Política e Forças Armadas são coisas que não combinam na mesma frase. Muito menos num governo democraticamente eleito, gostemos ou não de qual tenha sido.
Kristhian Kaminski
A história recente mostra que esse flerte inadequado segue forte, ainda que tenhamos exemplos suficientes tanto do passado quanto do presente para não compactuar com a ideia. Se eu fosse voltar muito no tempo para ilustrar a tese esse texto não teria fim. Basta lembrar o que foi o nazismo e o fascismo. Ou o que ocorreu bem mais recentemente na nossa vizinha Venezuela. Ou ainda, trazendo o assunto para o Brasil, o período da ditadura militar, em que tortura e assassinatos eram coisas corriqueiras.
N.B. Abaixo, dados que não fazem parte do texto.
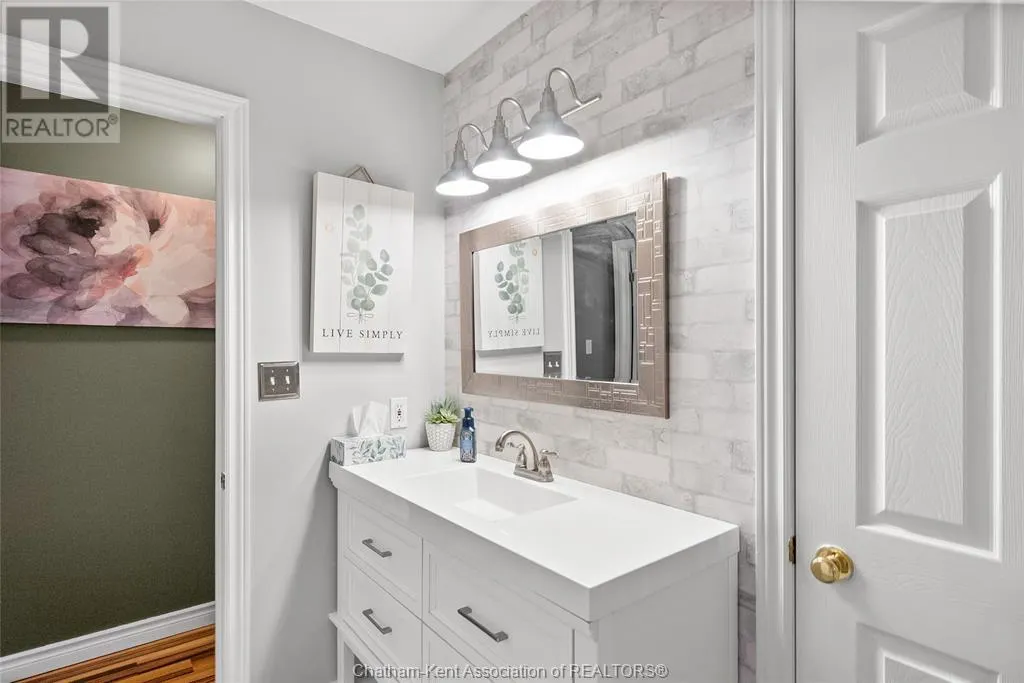 38 FIELDSTONE PLACE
Com todos esses exemplos, é surreal que ainda existam grupos – e não são poucos – que defendem a volta desses modelos. Sob os argumentos mais esdrúxulos.
Mas a realidade é essa, eles existem, são organizados e articulados, encontraram nas redes sociais um caminho para arrebanhar cada vez mais seguidores. Não aceitam o resultado das eleições, acampam em frente a quartéis pedindo intervenção militar, promovem invasão e depredação das sedes dos poderes constituídos, patrimônio público pelo qual nós pagamos.
E tudo isso ocorreu com a conivência velada do ex-presidente e das Forças Armadas. Mais de 1.200 pessoas que participaram dos atos golpistas foram detidas. Metade já foi solta, diga-se. Outras tantas escaparam porque comandos militares locais simplesmente impediram a ação das forças policiais de agirem nos vários acampamentos montados pelo País. Mais do que isso, o absoluto silêncio das forças militares serviu de estímulo à manutenção do sonho golpista.
Não há base para afirmar categoricamente que Jair Bolsonaro pretendia se perpetuar no poder com o apoio das Forças Armadas. Mas tudo leva a crer, e seus apoiadores acreditavam e ainda acreditam nisso.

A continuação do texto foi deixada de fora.